上記「社員を「減給処分」にするには、就業規則の定めが必要ですか?」に対する回答

 就業規則に制裁に関する定めがない場合にも、社会通念妥当と認められる程度の不正・不良行為等に対しては「減給処分」の実施は可能です。

 労働基準法第89条は、就業規則に記載しなければならない事項について定めており、その第9号に「表彰及び制裁の定めをする場合においては、その種類及び程度に関する事項」をあげています。

 このように労働基準法は、「制裁の定めをする場合」、すなわち制裁に関して何らかの取り決めをする場合には、その種類と程度を就業規則に定めておかなければならないこととしています。

 このことから、就業規則に制裁に関する定めをしていない場合には、従業員がどんな不正・不良行為をしようとも、制裁処分の実施が認められないものと考えられがちですが、必ずしもそうではありません。

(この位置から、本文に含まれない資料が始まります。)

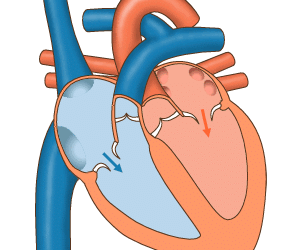 Extrasístole ventricular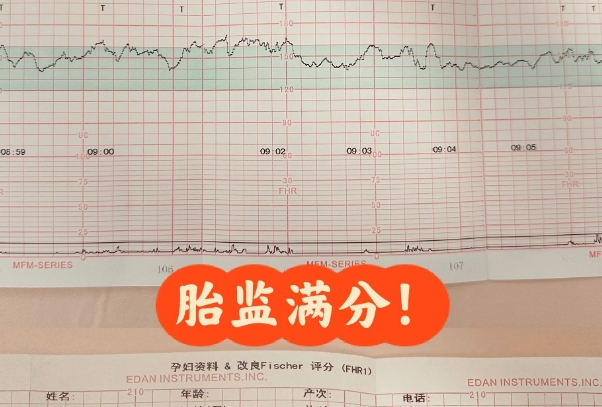 胎心率高低与胎儿性别无关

 この点について、裁判例の中にも、就業規則を作成していなかった事業場で実施された懲戒解雇の処分を是としたものがあります(昭46.11.1東京地裁判決「秀栄社事件」)。

 この判決では、当該事業場の使用者は、就業規則を作成し従業員に周知すべき義務(労働基準法第89条)には違反しているが、そのことで解雇(制裁処分)の実施が認められなくなるわけではない、と判示しています。

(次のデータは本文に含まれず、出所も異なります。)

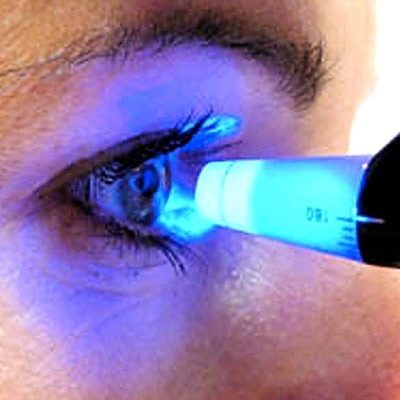 Exame de tonometria - close de um olho feminino sendo avaliado pelo oftalmologista. Um aparelho emite luz azul direcionada ao globo ocular.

 この考え方に立てば、就業規則に制裁に関する定めを設けていない貴社でも、社会通念上許容される範囲内において、制裁処分の実施は認められ得るものと考えられます。

 ご質問では、退職する社員が、「退職時の事務引継ぎ」や「貸与物の返却手続き等をいい加減に」したために会社が「多大な迷惑」を受けたとのことですが、文面からだけでは迷惑の度合いがどの程度かはっきりしませんので、この事案が「減給処分」の対象となり得るかどうかを断定的に申し上げることはできませんが、当該行為による被害が相当程度のもので、社会通念上妥当であると認められる場合には、「減給処分」を実施してよいものと考えられます。

 ただし、「制裁の定めをする場合においては、その種類と程度に関する事項」を定めておかなければならないこと等を定めた労働基準法第89条には違反していますので、違反状態を解消するためにも、また、今後においてさまざまな不良・不正行為等が発生することを未然に防ぐためにも、就業規則に制裁の程度と種類等について、定めておく必要があるでしょう。